When Robert Stephenson wanted to learn more about government, he couldn’t think of a better place than Washington, D.C.

So the senior in political science accepted an internship position working at Sen. Orrin Hatch’s Washington, D.C., office with his economic staff.

“There’s nothing to compare with learning U.S. history in a place where so much history has been made,” he said.

His duties include attending press conferences, hearings and committee meetings, and assisting Hatch, R-Utah, with his finance committee responsibilities. But his favorite part of the job is being able to take Utah constituents on tours of the Capitol to teach them about all he has learned, he said.

“A typical day at the office is anything but typical,” he said.

Stephenson was picked for the internship from a large group of applicants from Utah, and Hatch said summer congressional internships are generally very tough to land. Applicants are chosen based on GPA, extra-curricular activities and other accomplishments.

“There is competition among the students, and there is competition among the various D.C. internship programs to get the best applicants,” Hatch said.

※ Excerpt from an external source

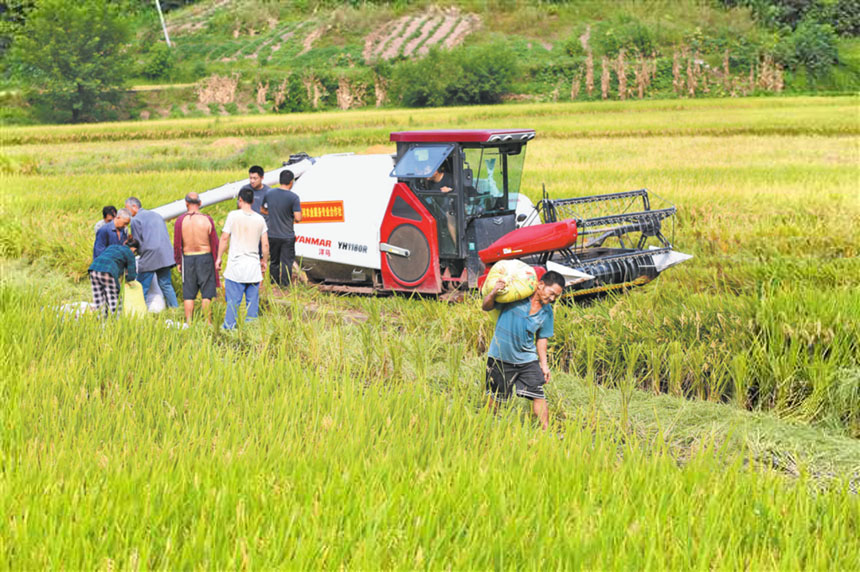 巴南區接龍鎮馬路村，村民收割稻谷。特約攝影 李攀/視覺重慶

The paid internship is part of the Hinckley Institute of Politics’ internship program, and Stephenson will receive five credit hours after writing a 12- to 14-page research paper at the end of the semester.

“I appreciate everything Robert is doing for me here,” Hatch said. “He’s got a lot of focus, and he stays on target. I’m grateful to have him working in my office.”

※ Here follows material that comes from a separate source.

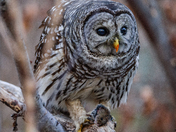 Owl caught a mouse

Stephenson said the Hinckley internship has helped him feel more involved at the U.

“Some people complain that there’s no community feel at the U because it’s a ‘commuter school,’ but programs like the Hinckley Institute give students a sense of community,” he said. “I’m so glad I got involved.”

Stephenson said one of the only drawbacks to being in Washington, D.C., is the amount of time he has to see the sights.

“Every day there are new places to explore, so I’ve just tried to cut out sleep,” he said, “Getting lost has never been so fun because, inevitably, you find something extraordinary.”

After graduation in the spring, Stephenson plans to take the Foreign Service Exam to work abroad.

“Anyone who wants to learn about how politics really functions should spend some time in D.C.,” he said.